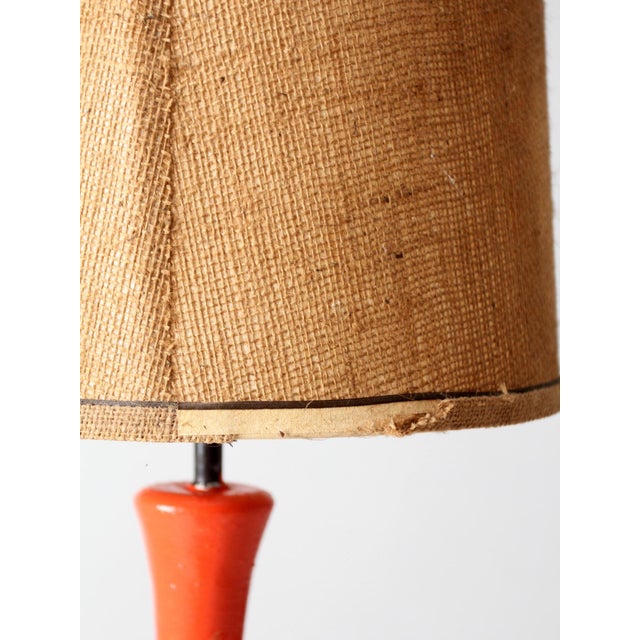Mid 20th Century Mid-Century Modern Orange Ceramic Table Lamp For Sale - Image 12 of 16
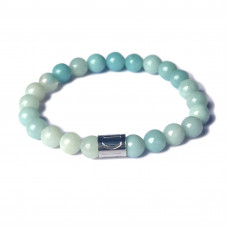 Morchic Amazonite Gemstone Stretch Bracelet for Women Men Unisex, Genuine Natural Energy Stone 8mm Beads, Classic Simple Design Cuff Birthday Gift 7.5 Inch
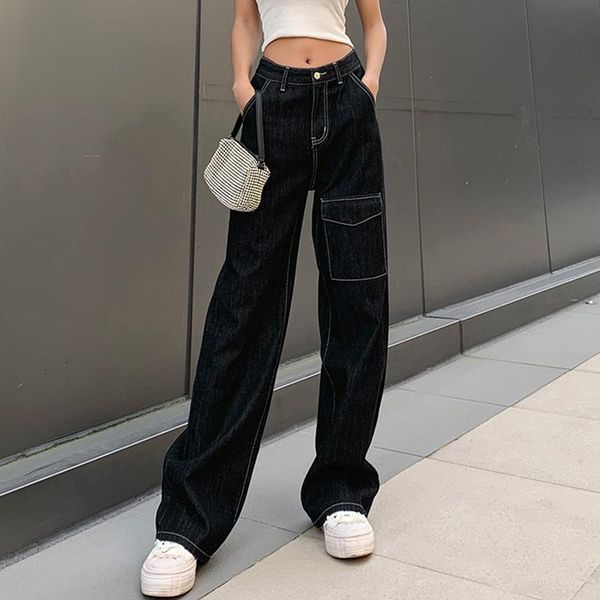 harajuku fashion women denim wide leg pants straight trouser high waist loose pockets street casual black cargo streetwear yoga outfits, White;red
harajuku fashion women denim wide leg pants straight trouser high waist loose pockets street casual black cargo streetwear yoga outfits, White;red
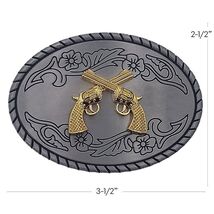 Golden Crossed Guns Design Silver Metal Belt Buckle image 2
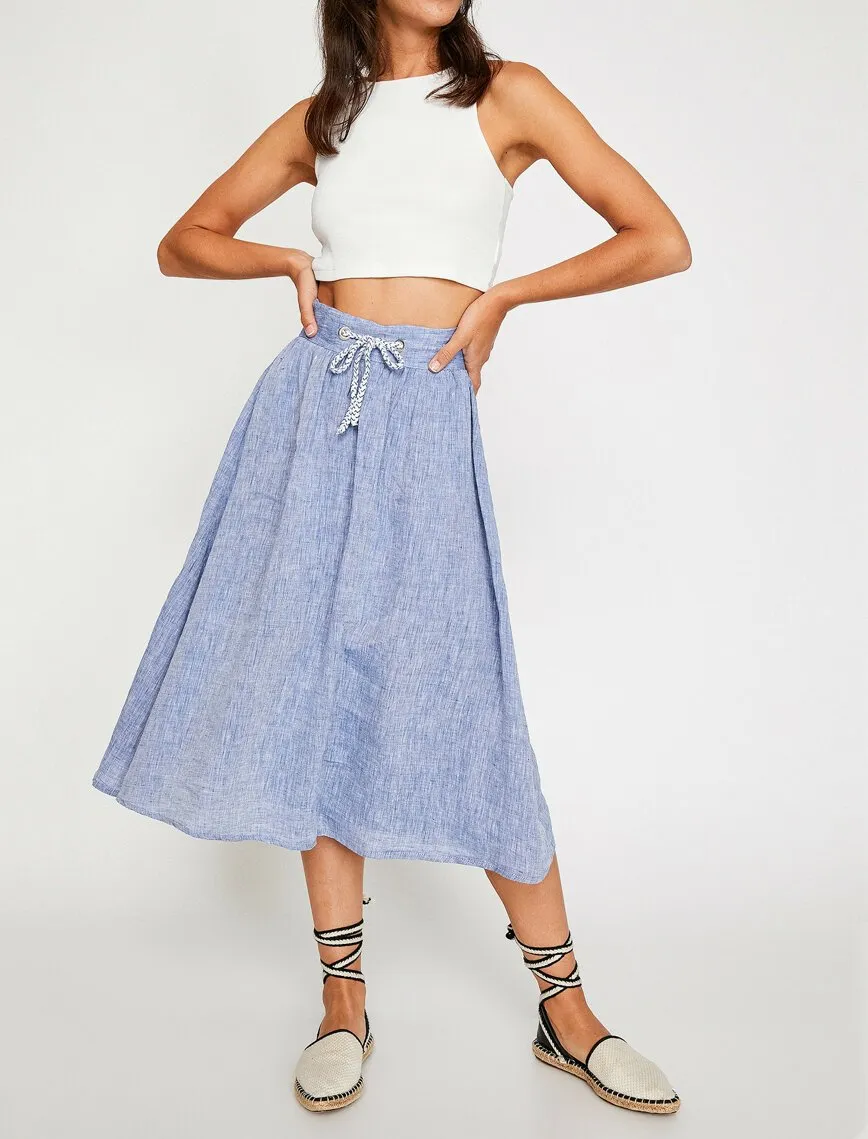 12262 Indigo Tie Waist Midi Skirt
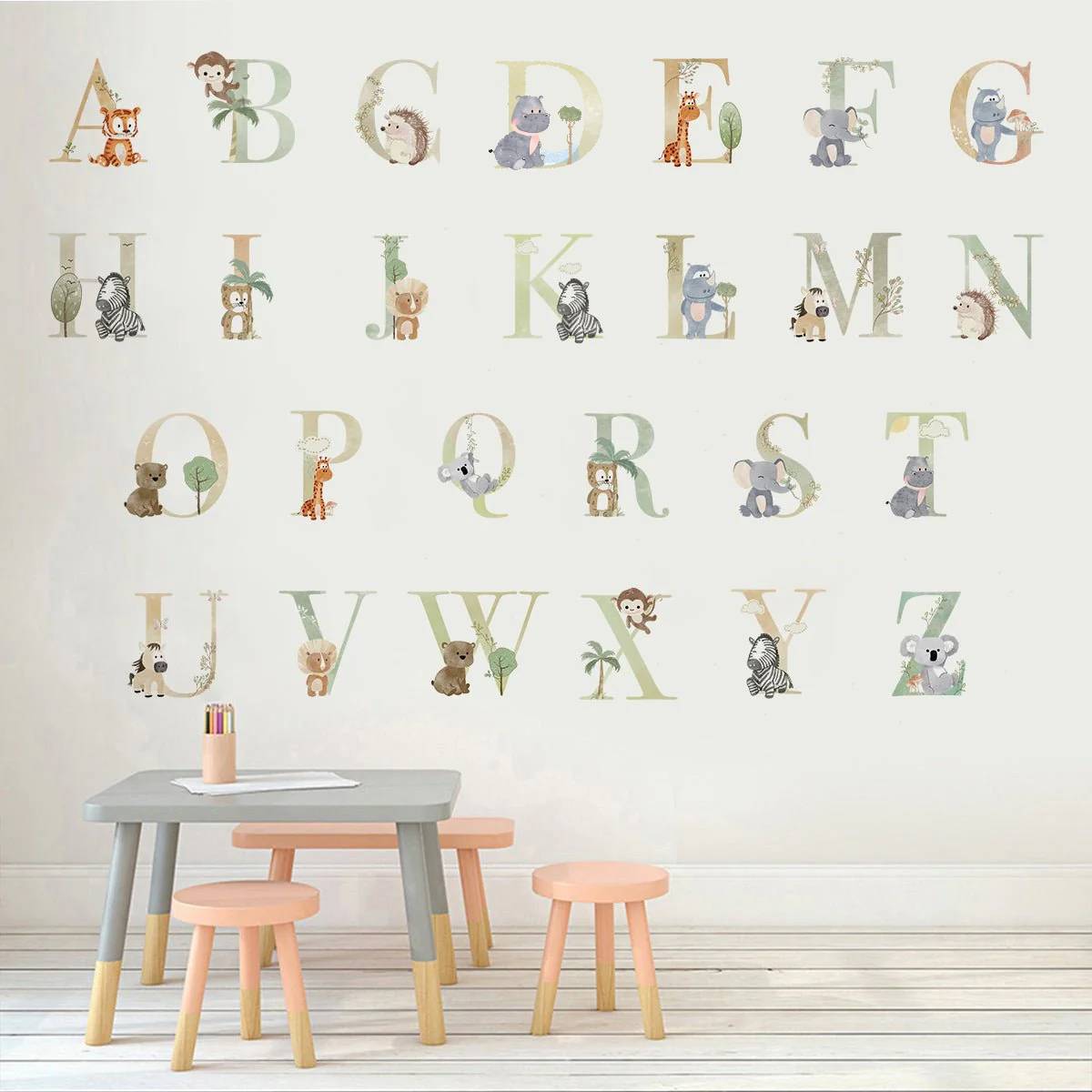 Playful animal wall decals for children's room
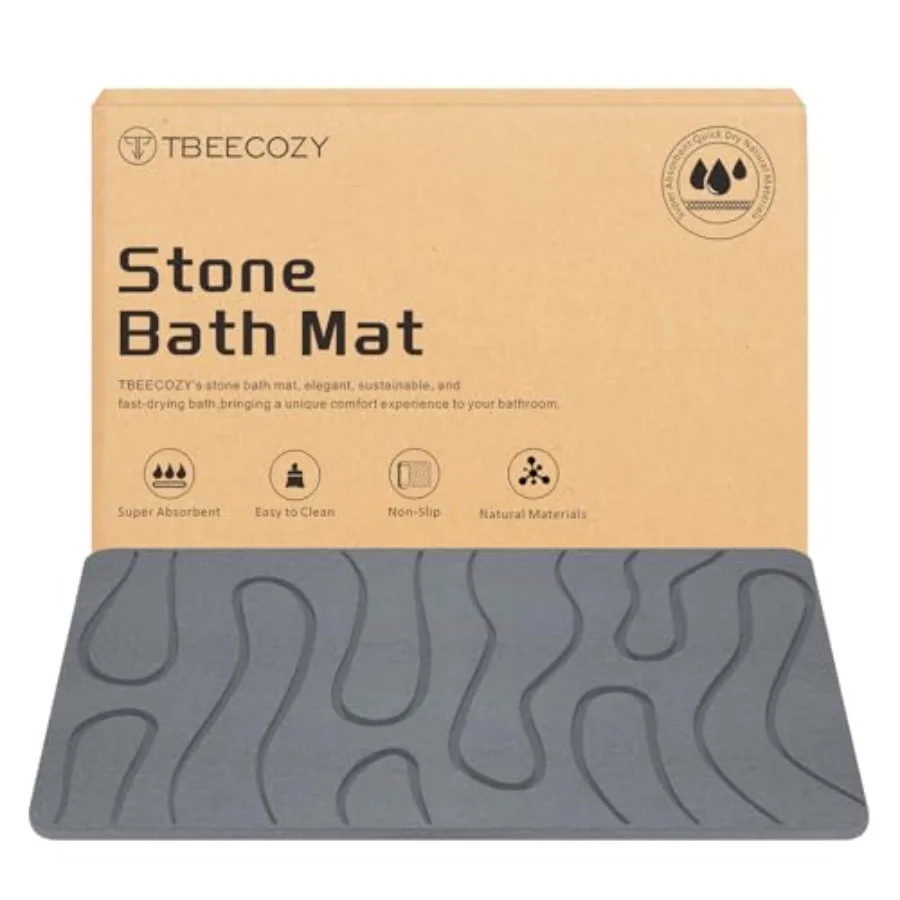 

Stone Bath Mat Large Size Diatomite Fast Drying Non Slip Stone Shower Mat Super Absorbent for Bathroom and Kitchen Multi-Use as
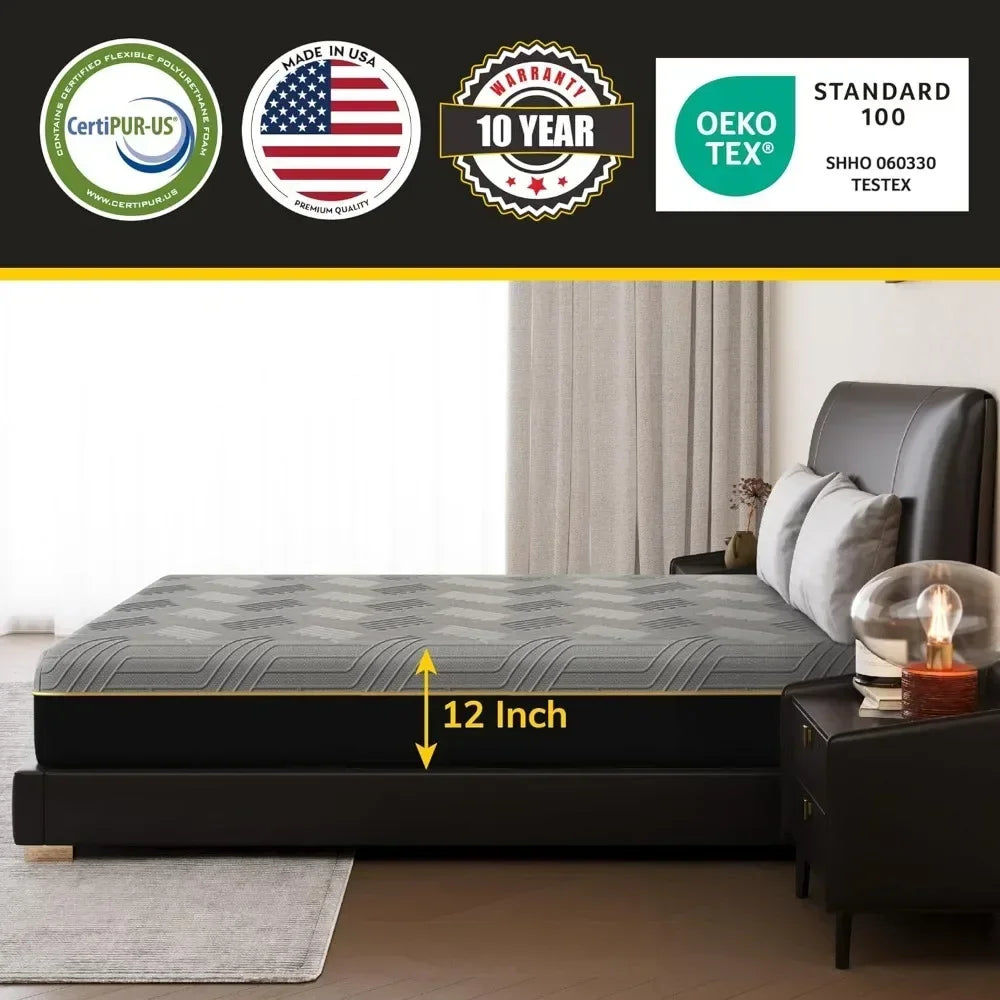 Ljustra 12 Inch Queen Mattress Cooling Memory Foam Bed in a Box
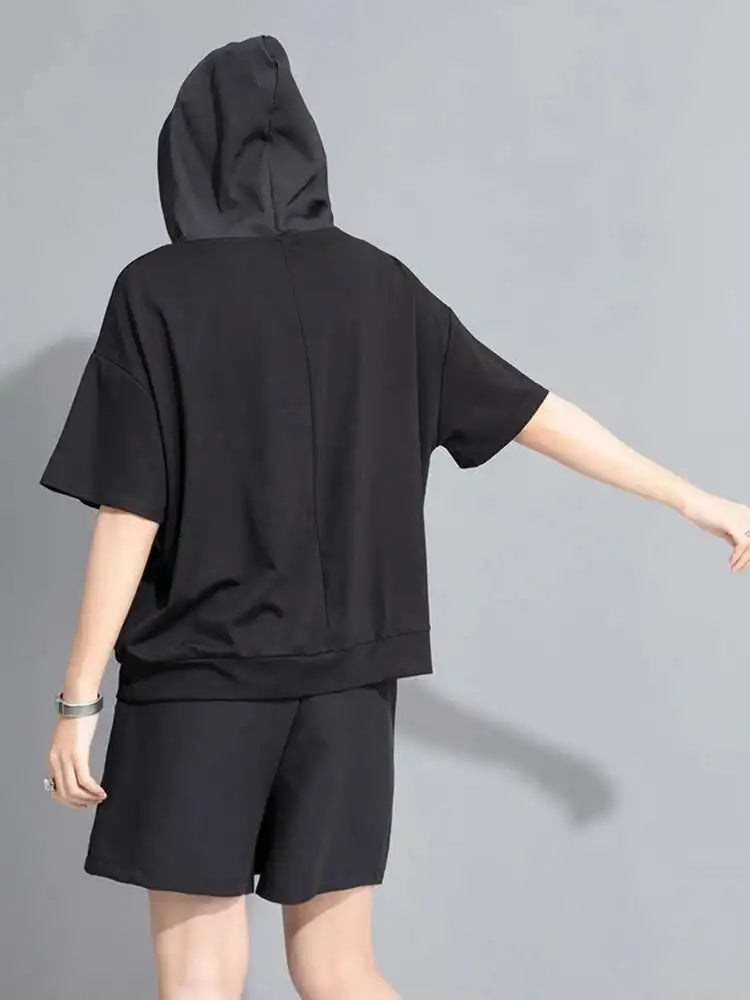 Women Yellow Pocket Color-block Big Size Casual T-shirt New Hooded Short Sleeve Fashion Tide Spring Summer 2025 1DH9834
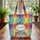 Ornate Mushrooms Rainbow Stripes Daisies Everyday Carry Gift Quilted Tote Bag - 3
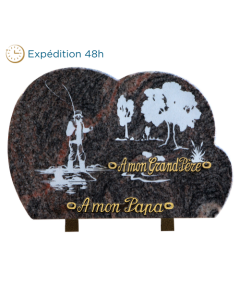 Plaque gravure pêcheur 20x30cm
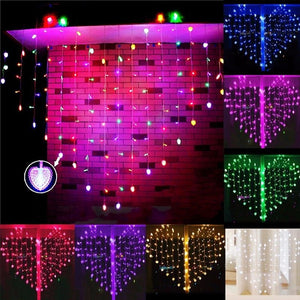 128 LED Heart-Shape Fairy String Curtain Light Valentine's Day Wedding Christmas Decor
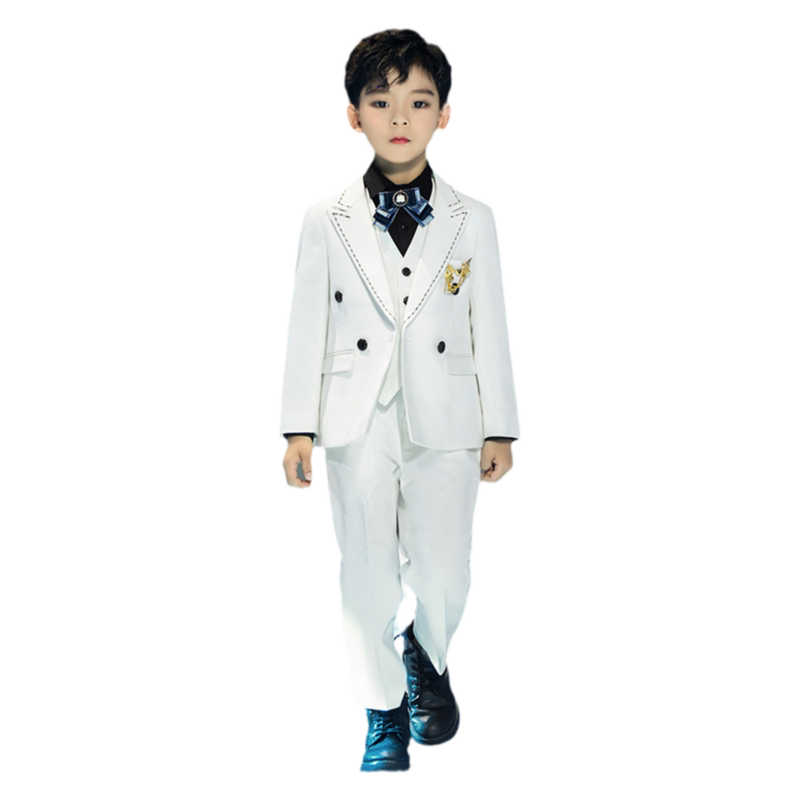 喜绒兔男童礼服白色英伦儿童西装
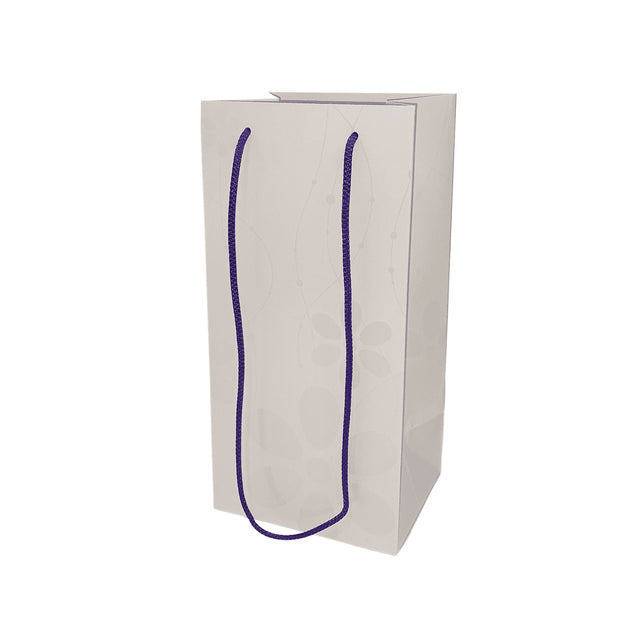 Pungă hârtie ALBĂ pentru flori (ORHIDEE) cu mânere din șnur textil 16 x 33(H) x 13cm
--*--
### Your assignment
In the entries above, find the line with "Playful animal wall" and the line with "Plaque gravure pêcheur 20x30cm". Write out exactly those two lines and every line between them, pictures excluded.

### Written solution
 Playful animal wall decals for children's room

Stone Bath Mat Large Size Diatomite Fast Drying Non Slip Stone Shower Mat Super Absorbent for Bathroom and Kitchen Multi-Use as
 Ljustra 12 Inch Queen Mattress Cooling Memory Foam Bed in a Box
 Women Yellow Pocket Color-block Big Size Casual T-shirt New Hooded Short Sleeve Fashion Tide Spring Summer 2025 1DH9834
 Ornate Mushrooms Rainbow Stripes Daisies Everyday Carry Gift Quilted Tote Bag - 3
 Plaque gravure pêcheur 20x30cm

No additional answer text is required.